[24.01] DeepSeek LLM

Dosaid maintainer, Full-Stack AI Engineer

New Scaling Laws

DeepSeek LLM: Scaling Open-Source Language Models with Longtermism

Recently, DeepSeek has been in the spotlight, generating a lot of buzz, with even OpenAI stepping in to comment.

Given the immense impact they’ve made, let’s take some time to review their recent publications.

This paper is 48 pages long, filled with extensive experimental data and technical details, so we’ll focus on the key points.

Defining the Problem

The performance gap between open-source and closed-source models has long been a popular topic. Previous research has shown that open-source models generally perform significantly worse than closed-source models on most benchmarks, primarily due to the scale and resource limitations of open-source models.

To bridge this gap, the research team proposed the DeepSeek LLM series, a set of open-source language models ranging in size from 7B to 67B. To train these models, the research team challenged the existing Scaling Laws, arguing that past research findings may not be entirely accurate. Therefore, they introduced their own Scaling Law, which became the core of the paper, exploring the relationship between model size, data scale, and computational budget.

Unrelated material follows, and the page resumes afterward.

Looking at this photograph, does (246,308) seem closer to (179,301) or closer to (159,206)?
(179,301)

We will focus on the discussion of the Scaling Law and briefly introduce the design and experimental results of DeepSeek LLM.

Solving the Problem

Data Processing Strategy

The research team adopted a three-phase strategy: "Deduplication → Filtering → Remixing."

Deduplication:

The entire Common Crawl corpus was used for deduplication. As seen in the table above, deduplication across multiple dumps is more thorough than when applied to a single dump, providing the model with more unique learning samples.
Filtering: A rigorous document quality evaluation standard was designed, combining linguistic and semantic analysis to ensure data quality from both local and global perspectives.
Remixing: To address the issue of uneven data distribution, the team specifically enhanced data from underrepresented domains, ensuring that the dataset was more balanced and inclusive of diverse information.

In terms of Tokenizer design, the research team employed Byte-level Byte-Pair Encoding (BBPE), using pre-tokenization to avoid mixing different character categories (such as newlines, punctuation, and CJK symbols). Additionally, they split numbers into individual digits. The vocabulary was initially set to 100,000, with 15 special tokens and extra space up to 102,400, balancing computational efficiency in model training with future scalability needs.

Model Architecture Design

The model largely follows the LLaMA architecture, using a Pre-Norm structure with RMSNorm and SwiGLU as the activation function for the Feedforward Neural Network (FFN). Rotary Embedding is employed for position encoding to enhance sequence processing capability.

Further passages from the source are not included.